Desce o pano

Acabou-se. O 12.º Festival de Teatro de Curitiba, que inebriou milhares de nativos e visitantes nos últimos dez dias, deu seu último suspiro anteontem, ao som dos aplausos à estréia nacional do Fausto de Gabriel Braga Nunes e sua Péssima Companhia de Teatro, que teve sessão extra às 23h, no Teatro Paiol.

Se não foi inesquecível, foi um final digno. O espetáculo dirigido por Moacir Chaves vai na contramão da grandiloqüência da obra-prima de Johann Wolfgang Goethe: o cenário limita-se a meia dúzia de cadeiras, e toda a história é “sugerida” pelos atores. Gabriel fez um Fausto correto, mas quem brilhou na peça foram o impagável Mefistófoles de Fernando Eiras e o discípulo Wagner, interpretado por Alberto Magalhães.

O público (100 mil pessoas, nas contas da organização) correspondeu às expectativas. Mas a qualidade dos espetáculos, na maioria das vezes, deixou a desejar. Das mais de 170 peças, só a portentosa Os Sete Afluentes do Rio Ota, brilhante adaptação da cineasta Monique Gardenberg para o clássico de Robert Lepage, foi de tirar o fôlego. Não fosse o desconforto físico, suas cinco horas de duração nem seriam sentidas.

Ainda na Mostra Contemporânea, os paulistas da Cia. do Feijão também agradaram com Mire Veja, sobre o cotidiano frenético de São Paulo. E os londrinenses do Grupo Armazém, radicados no Rio, colheram elogios por Pessoas Invisíveis, montagem inspirada no universo do cartunista americano Will Eisner. E é preciso mencionar a valentia dos quatro atores da Fraternal Companhia de Arte e Malas-Artes, que na abertura encararam goteiras, raios e trovões numa Ópera de Arame fantasmagórica.

Já os “medalhões” decepcionaram. A adaptação de José Sanchis Sinisterra para Memorial do Convento, de José Saramago, com direção de Christiane Jatahy, foi pouco inspirada. Walderez de Barros, impecável, praticamente carregou nas costas a versão de Gabriel Vilella para A Ponte e A Água de Piscina, de Alcides Nogueira. Os Parlapatões de Hugo Possolo se deixaram levar pelo besteirol insosso em As Nuvens e/ou Um Deus Chamado Dinheiro. E a festejada encenação do clássico de Eugene O?Neill Longa Jornada de Um Dia Noite Adentro, com direção de Naum Alves de Souza, acabou “devorada” pelo gigantismo do Guairão, que impediu o público de ver de perto a aula de interpretação de Cleyde Yáconis como a morfinômana Mary.

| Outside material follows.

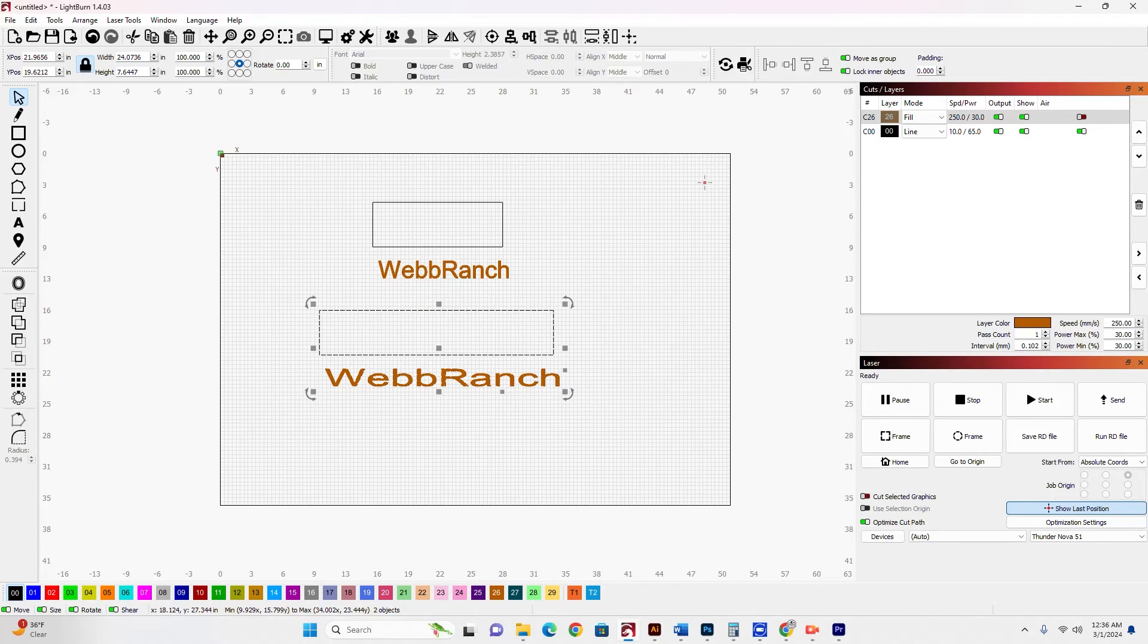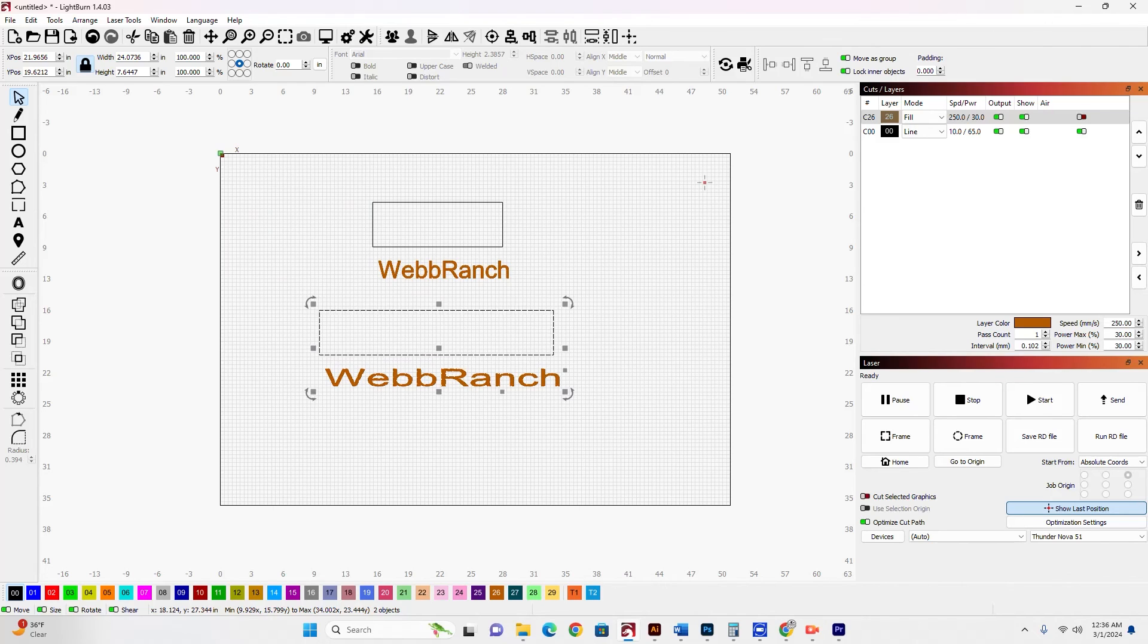Whatever you click the second time, whatever you select second or last, is going to be the reference item that you're going to expand the other item to fit.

Se a Mostra Oficial não foi lá essas coisas, imagine o Fringe. Na opinião de jornalistas e críticos de todo o Brasil, o melhor espetáculo foi o curitibano Volta ao Dia…, texto de Marcio Abreu, inspirado na obra de Julio Cortázar, com atuações convincentes de Christiane Macedo e Maureen Miranda. O nostálgico Interior, com o Teatro da USP e o cinematográfico O Homem Que Não Dava Seta, com os mineiros do Galpão, também caíram nas graças do público. E só.

Mas o calcanhar-de-aquiles do Festival de Teatro é mesmo a “tradição”. A tradição infeliz de fazer a abertura na Ópera de Arame, e o tradicional provincianismo de acomodar os clássicos no Guairão mesmo os mais intimistas, como Longa Jornada… o que acaba “matando” boas montagens. Mas dura de engolir é a hipocrisia do público, que esbraveja (ou ronca) durante encenações que depois são aplaudidas de pé.